In Florida, probate is a court administered process which can involve significant time, work and expense. As a result, estate planning lawyers often try to counsel clients on ways to avoid probate. These include use of a Living Trust, beneficiary designations, and “pay-on-death” designations. Implementing these techniques can avoid, or at least lessen, the assets which need to be probated.
However, in some instances, opening a probate can produce certain beneficial results even if the decedent’s assets pass outside the estate. Take a situation where the deceased person may have a liability pending against him or her. By opening a probate and providing the necessary notice to a potential creditor, the estate can force the creditor to come forward with its claim or be forever barred. Under circumstances where no probate is opened, this would not occur-at least not until the two year statute of limitations runs.

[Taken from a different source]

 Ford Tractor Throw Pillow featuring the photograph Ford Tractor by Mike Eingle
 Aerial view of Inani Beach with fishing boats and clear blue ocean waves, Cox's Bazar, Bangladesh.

An example could be helpful. Let’s say the decedent had a business dispute with a former colleague. If the estate wants to determine whether that colleague intends to assert a claim, a probate could be opened and a Notice to Creditors served on the colleague. After the three month claims period has run, if the colleague has not asserted a claim, then the claim is forever lost. Overall, this probably would take 90-120 days to accomplish. However, if no probate had been opened, the colleague would have two years from the date of death to assert the claim. Using the procedures available in probate, the time deadline has been accelerated and the claim cut off.